At the end of the day, though, the predictability of the Charlie and Kate relationship isn’t a huge crime, even if “predictable” does describe this show on almost every level. This plotline could—and should—have stopped at predictable. But of course, Anger Management also helps it along by having Kate send Charlie to the movies with a “psycho” woman, i.e. just about every other woman that appears on Anger Management. Never has the canned laughter been more confusing and infuriating than when it started up as Charlie merely walked to this poor, sadsack woman. But hey, she’s old and frumpy versus Selma Blair’s sexy, take no prisoners Kate, so the mere comparison is hilarious, right? Right?

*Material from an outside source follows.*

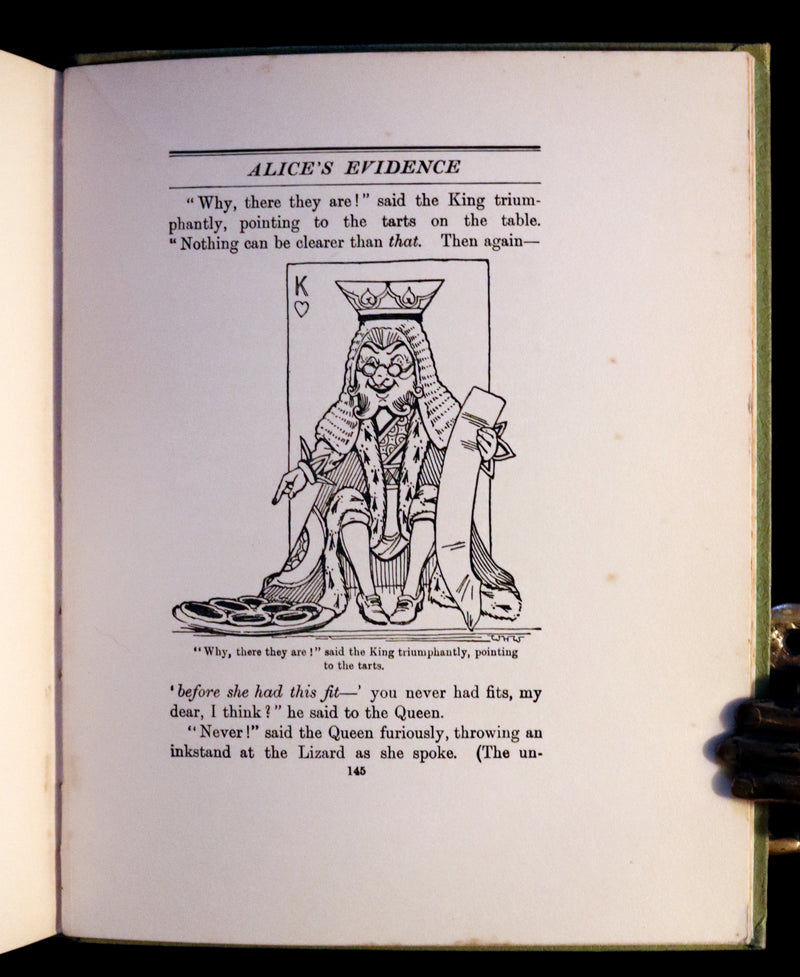 1930 Scarce Book - ALICE in Wonderland color illustrated by William Henry Walker.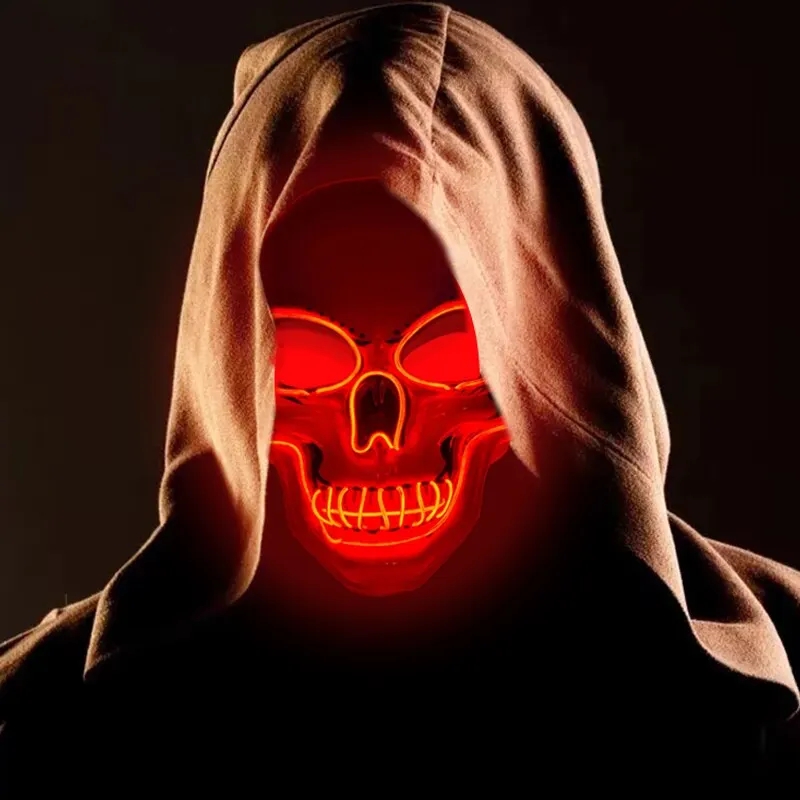 Neon Mask Led Light Up Party M - Led Purge Mask Halloween ulasan dan harga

Meanwhile, Charlie’s tween daughter tries to get a boy to notice her by kissing a girl but it a.) didn’t work and b.) got on Facebook, much to her parents’ chagrin. There is nothing wrong with this plotline, necessarily; handled with some care, it could have brought some insight into the relationship between Charlie and his ex-wife Jennifer, or their daughter crashing and burning in the face of social pressure. Also, it could have set up some actual jokes.

Instead, we get Jennifer asking Charlie if she’s responsible for her daughter’s Katy Perry phase because she herself had a one-night stand with a woman. Charlie reassures Jennifer she’s not gay with words I wouldn’t be surprised to find out Sheen has tattooed somewhere: “It just means you’ve figured out what men have known for thousands of years: Booze makes chicks horny.” A couple of hooker jokes later, Jennifer admits she was acting crazy (surprise!), and we’re onto the next thing, never to hear from this storyline again.

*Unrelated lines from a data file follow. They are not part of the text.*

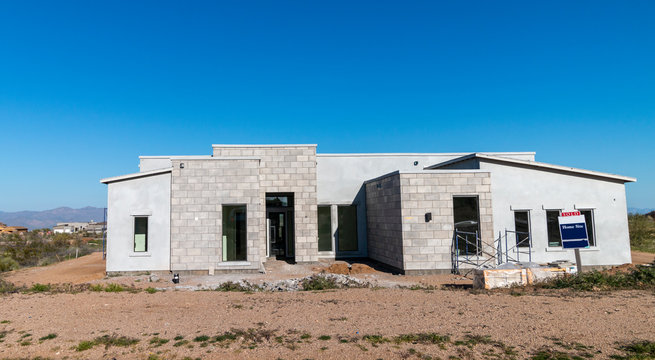 Custom Home Construction Site in Scottsdale Arizona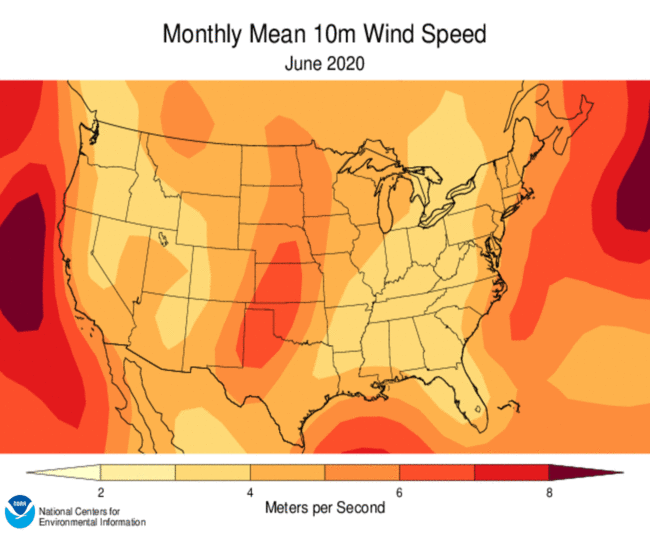 U.S. Wind Climatology | Societal Impacts | National Centers for ...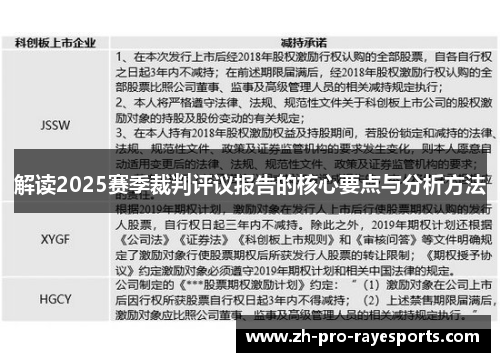 解读2025赛季裁判评议报告的核心要点与分析方法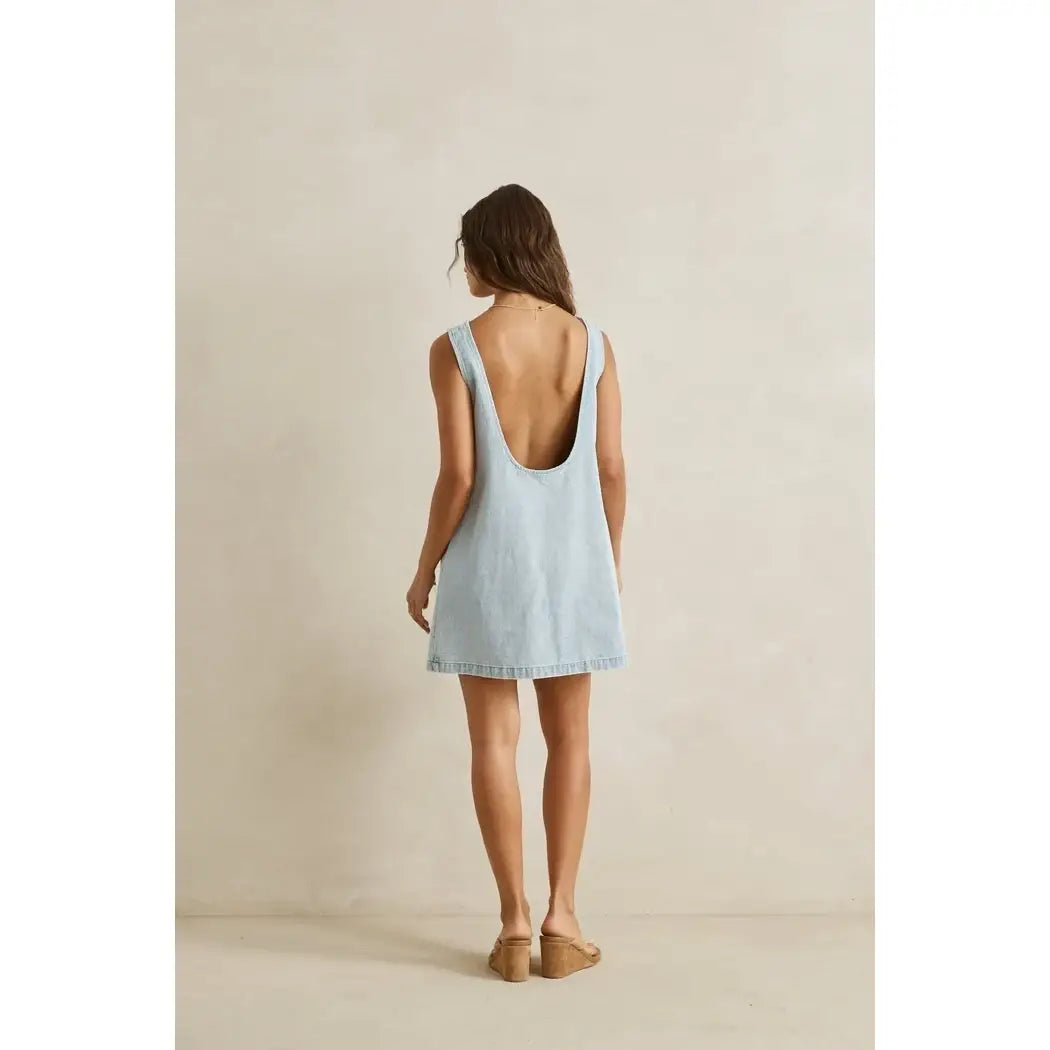 Rhythm Riley Denim Mini Dress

Even though the rest of the finale was teeming with casual misogyny and stereotypes (The Gay Character: “Kim Kar-crashian kept her Beamer on the road! Call Anderson Cooper!”), this storyline is where something clicked. Anger Management has stuck out like a sore thumb on FX’s Thursday night comedy lineup since it premiered alongside the twisted Wilfred and the melancholy Louie. In fact, Anger Management and its canned laughter stick out among all of FX’s programming so much, it seems strange that the outraged masses who tore Whitney apart for infringing on their beloved NBC Thursday nights didn’t go after Anger Management with the same venom for crashing FX’s critically beloved Thursdays. Yes, the premiere elicited some vitriol, but more than anything, Anger Management has mostly inspired shrugs. At a certain point, Sheen’s Manic Crazy Nightmare Guy routine has gotten so routine that working up the energy to hold him accountable doesn’t seem worth it. What difference could it possibly make to the inexplicably persistent juggernaut that is Charlie Sheen?

In the scene between Charlie and Jennifer, though, we have a prime example of an entitled, smug male character talking a supposedly psychotic woman off a ledge. It’s the very thing that’s brought HBO’s Newsroom under fire, yet Anger Management has escaped relatively unscathed. Maybe it’s because our expectations for a Charlie Sheen project were lower. Maybe it’s because we’re resigned to having a certain quota of casually sexist, racist, homophobic content on our televisions, as if that’s the tradeoff for the good stuff. Either way, though, it doesn’t mean we should indulge it.  

Stray Observation:

  • FX has yet to formally announce a pickup for Anger Management, but it’s expected any day now. Thanks to a substantial deal, this pickup would not only guarantee a second season, but 90 episodes. Let’s hope FX runs an audience promotion around season three for some actual anger management.